Elsewhere in the world, justice has notably ruled in favor of young people in Colombia who had attacked their government to denounce deforestation, or in Germany where children obtained a strengthening of the law on CO2 emissions.
States urged to act against the triple planetary crisis
The analysis of the treaty just published by the committee can be a powerful tool for young people seeking climate justice, its president, Ann Skelton, told AFP, stressing its legal importance. “Children themselves can use this tool to encourage states to do the right thing and ultimately hold them to account in the courts”did she say.
The 1989 Convention does not explicitly state the right of children to a clean, healthy and sustainable environment, but the committee considers this right to be implicit and directly linked to many other rights, such as the right to life, survival and development. According to the UN committee, “The scope and scale of the triple planetary crisis – namely the climate emergency, the collapse of biodiversity and pervasive pollution – pose an urgent and systemic threat to children’s rights globally”.
Ensuring children’s voices are heard
The experts published their findings after consulting governments, civil society and children.
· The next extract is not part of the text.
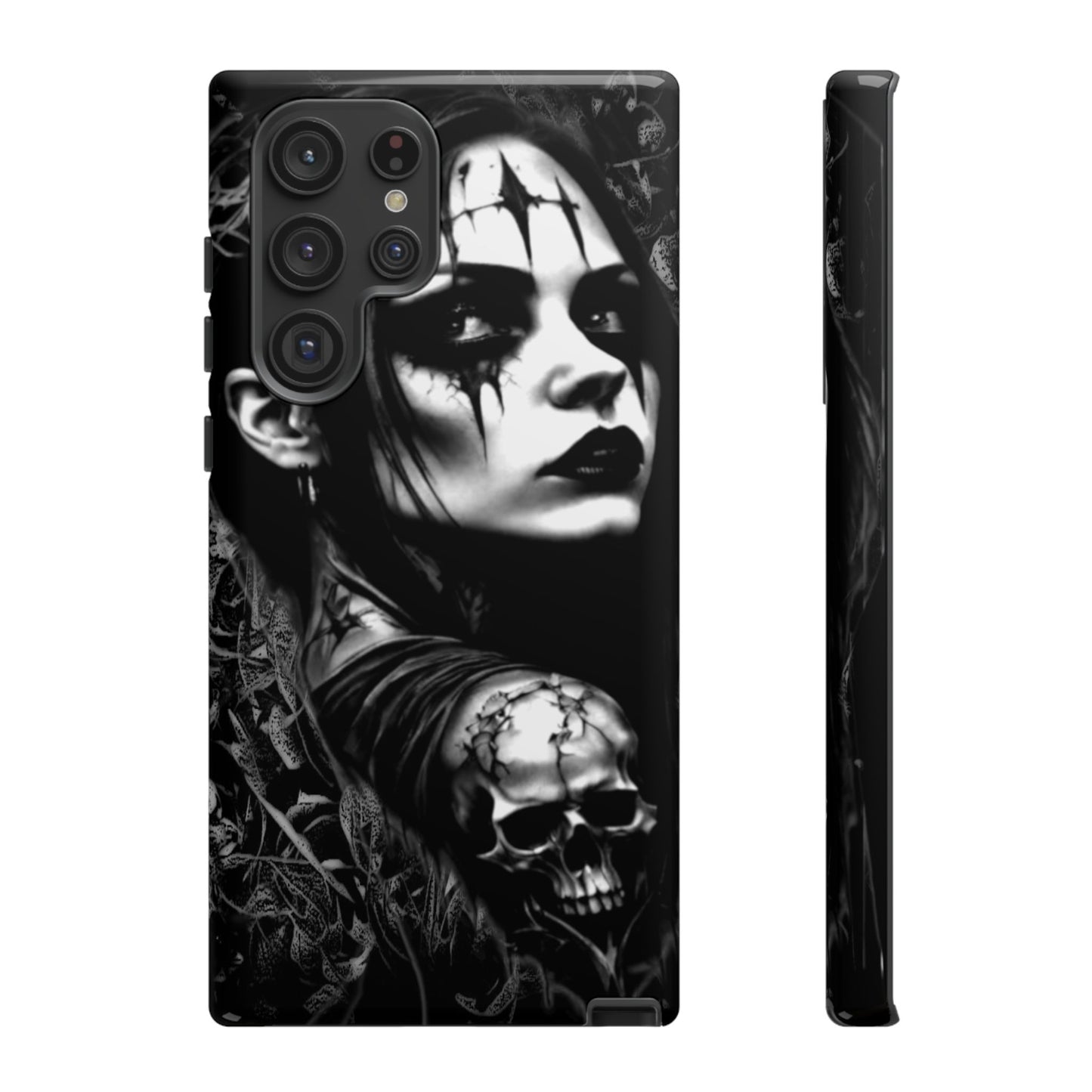 Mysterious Goth Girl Tough Phone Case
More than 16,000 of them provided feedback in 121 countries. “Our voices matter and they deserve to be heard”, said a 17-year-old Indian activist, Kartik, quoted in the UN committee statement. He believes that these guidelines “will help us understand and exercise our rights in the face of the environmental and climate crisis”.
Ms Skelton stressed the importance of children’s right to protest against practices harmful to the environment. Furthermore, she said, “States must ensure that children’s voices are heard when big decisions are made”adding that countries should also “ensure companies follow suit”.
The UN committee has no power of constraint, but the countries undertake in principle to respect the recommendations.